Das plump Doofe elegant umschifft
Auch diese Konfrontation von Sprachen nutzt Bruni für Komik, die das plump Doofe elegant umschifft. Ebenso wie das Potenzial zur Eskalation. In vielen italienischen Filmen sind Jugendliche heutzutage ja gern als angehende Kriminelle zu erleben, die mitunter zur Waffe greifen und nicht selten ebenso zu Tode kommen. Hier reden sie ähnlich und haben ein ähnliches Erscheinungsbild wie ihre gewalttätigen Filmzeitgenossen, stellen sich dann allerdings in erster Linie als Opfer ihrer Lage heraus, die gleichwohl nicht den kriminellen Weg einschlagen.

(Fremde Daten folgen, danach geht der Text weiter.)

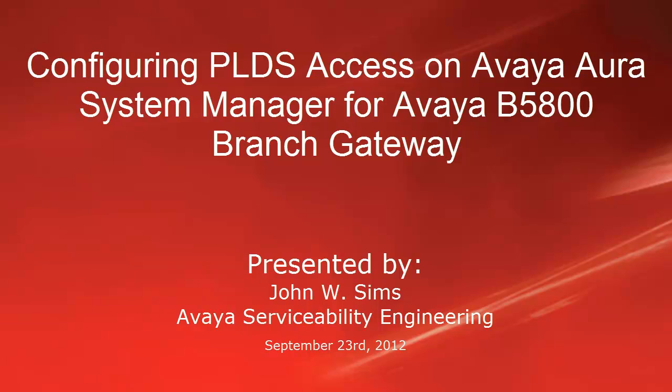In this video, I'll cover how to configure PLDS, otherwise known as the Product Licensing Delivery System, access on Avaya Aura System Manager for Avaya B5800 branch gateway purposes.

Frauen spielen in diesem Film keine großen Rollen. Dafür sind sie andererseits diejenigen, die Alessandro überhaupt erst zu bestimmten Dingen ermächtigen. Claudia (Donatella Finocchiaro), die Mutter eines seiner Freunde, zu der sich Alessandro hingezogen fühlt, stellt ihm etwa ihren Wagen für einen Ausflug zur Verfügung. Und Zoe (Carolina Pavone), die Bedienung in Alessandros Stammcafé, erklärt ihm in der Unibibliothek erst einmal, wie ein Katalog funktioniert. Auch das ein Anfang.